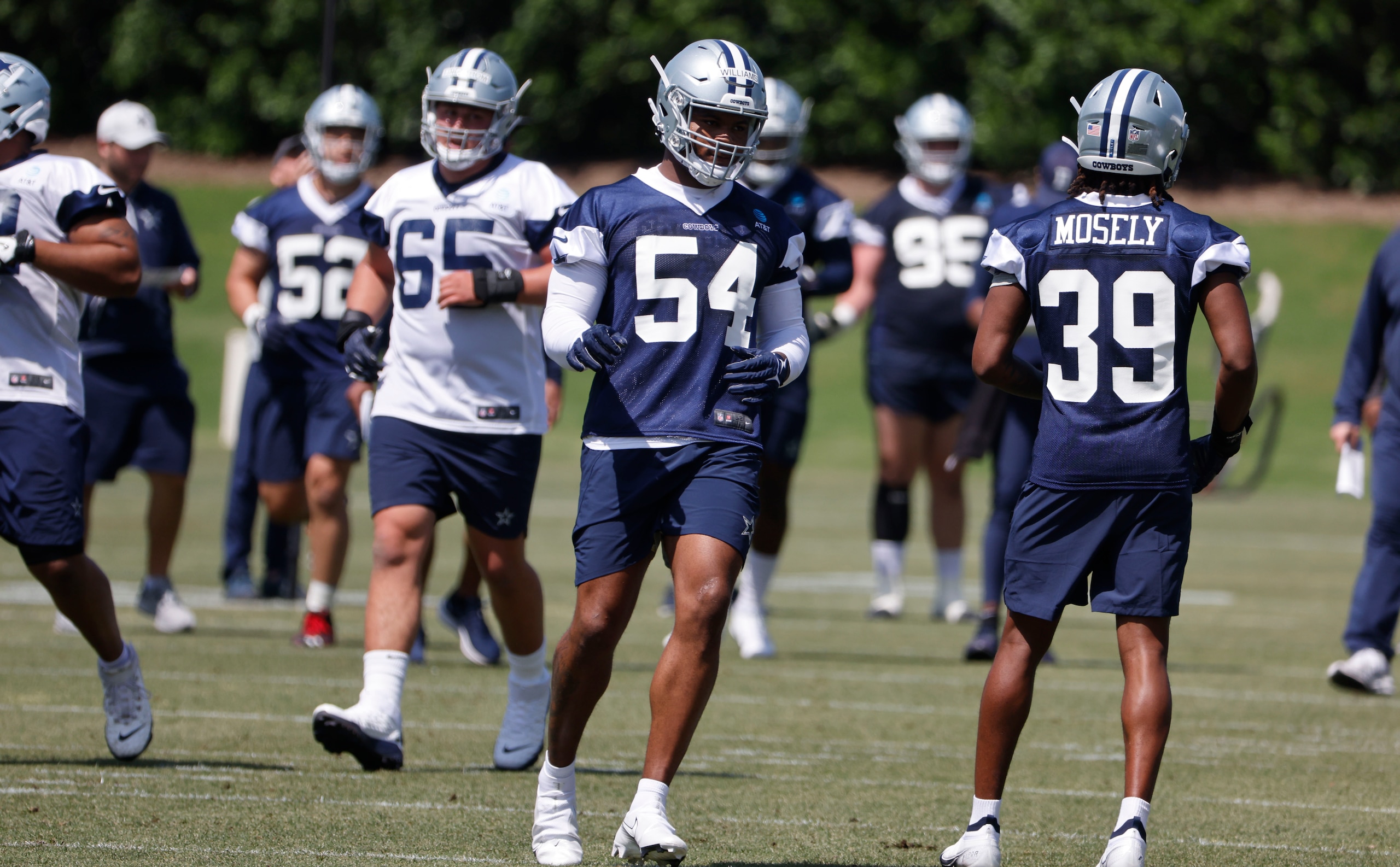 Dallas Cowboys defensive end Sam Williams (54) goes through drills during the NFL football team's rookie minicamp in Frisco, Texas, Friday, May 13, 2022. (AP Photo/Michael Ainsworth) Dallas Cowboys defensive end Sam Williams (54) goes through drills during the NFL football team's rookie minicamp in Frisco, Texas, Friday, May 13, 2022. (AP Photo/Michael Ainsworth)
###
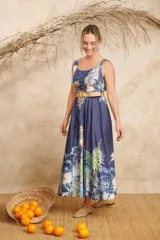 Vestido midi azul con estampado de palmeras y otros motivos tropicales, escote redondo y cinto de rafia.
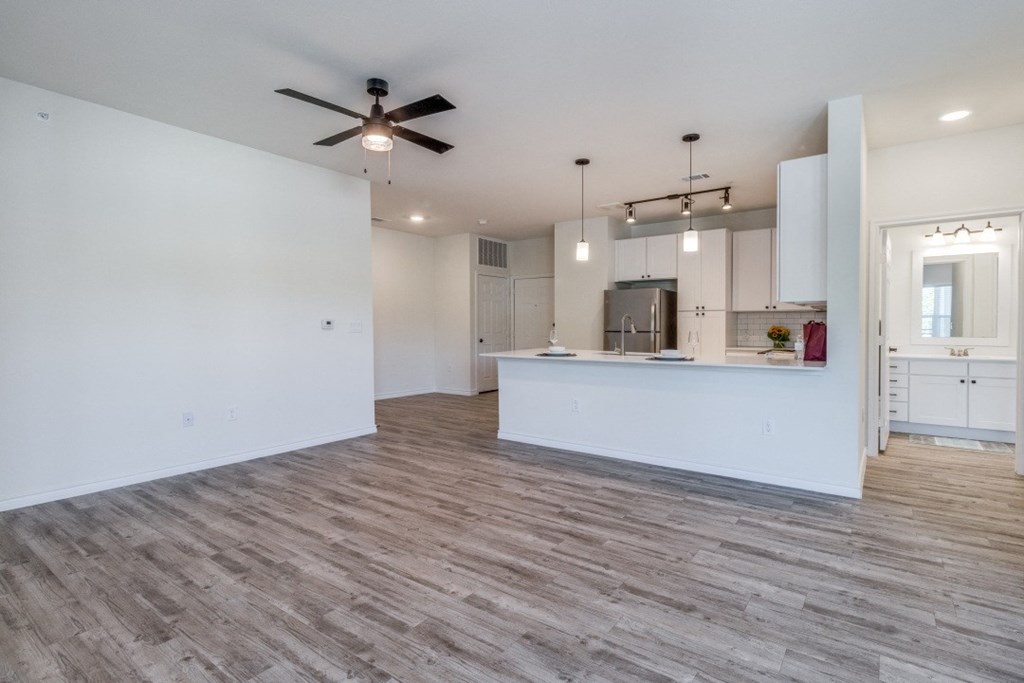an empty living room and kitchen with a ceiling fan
###
Print the line above containing "Vestido midi azul", the line containing "an empty living", and everything between them, exactly as written. Pictures stay out.

 Vestido midi azul con estampado de palmeras y otros motivos tropicales, escote redondo y cinto de rafia.
an empty living room and kitchen with a ceiling fan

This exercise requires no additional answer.